Im attaching below the parameters files. im comitting a mistake somewhere and im not seeing it?
allParameters.mdp (9.8 KB)

I notice that under the temperature coupling parameters, you used only a single coupling group for nvt, npt and md, then switched to 2 coupling groups once you got to pull. Typically you would maintain 2 coupling groups for all steps, could you try to see if that would fix the issue?

You could also try plotting the temperature after the nvt step and density after the npt step as is done in the lysozyme tutorial to see if there’s some issue with either equilibration step, it looks like you’re using a larger tau_t and tau_p over a longer equilibration time compared to the tutorial, so this would check whether those parameters need adjusting

Hello Karis, thanks for your reply, i had change the parameters in my .mdp files to use the coupling groups, also changed the tau_t and tau_p to the values of the tutorial, but im keep getting this error:

Back Off! I just backed up pull.edr to ./#pull.edr.9#
starting mdrun ‘Protein in water’
500000 steps, 1000.0 ps.
step 15400, will finish Sat Aug 17 17:38:49 2024vol 0.91 imb F 2% pme/F 0.68

Program: gmx mdrun, version 2020.1-Ubuntu-2020.1-1
Source file: src/gromacs/ewald/pme_redistribute.cpp (line 305)
MPI rank: 17 (out of 48)

Fatal error:
18 particles communicated to PME rank 2 are more than 2/3 times the cut-off
out of the domain decomposition cell of their charge group in dimension x.
This usually means that your system is not well equilibrated.

this is the equilibration temperature plot (seems to be ok, pressure and density looks equilibrated too):

Could you copy-paste the notes/warnings/errors from the previous commands (basically all the messages that were output for each command)? Also, could you try adding refcoord_scaling = com under the pressure coupling section of the pull mdp (as is done in this tutorial)?
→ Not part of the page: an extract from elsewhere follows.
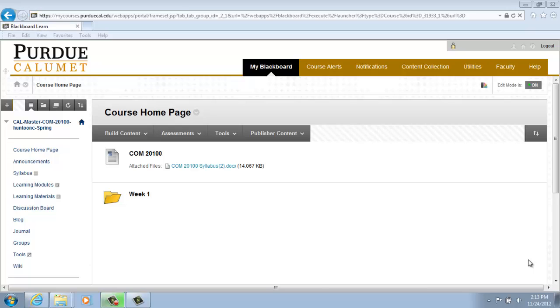Adding a Group Self-Enroll. Adding a group with the setting of Self-Enroll allows students to pick and choose which group they would like to be a part of. So let's begin.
refcoord_scaling = com (added)
Here i let all the output i received from the workflow
log.txt (39.4 KB)

Could you try visualizing the pull simulation to see what might be going wrong? It might be that the parameters aren’t wrong but the ion is just getting stuck somewhere even as the force from the pull increases over time

Do you have a membrane in your system? The mdp parameters are for a membrane system, but I guess you do not have a membrane. If you have no membrane you should change the pressure coupling type to isotropic and turn on all dimensions for pulling.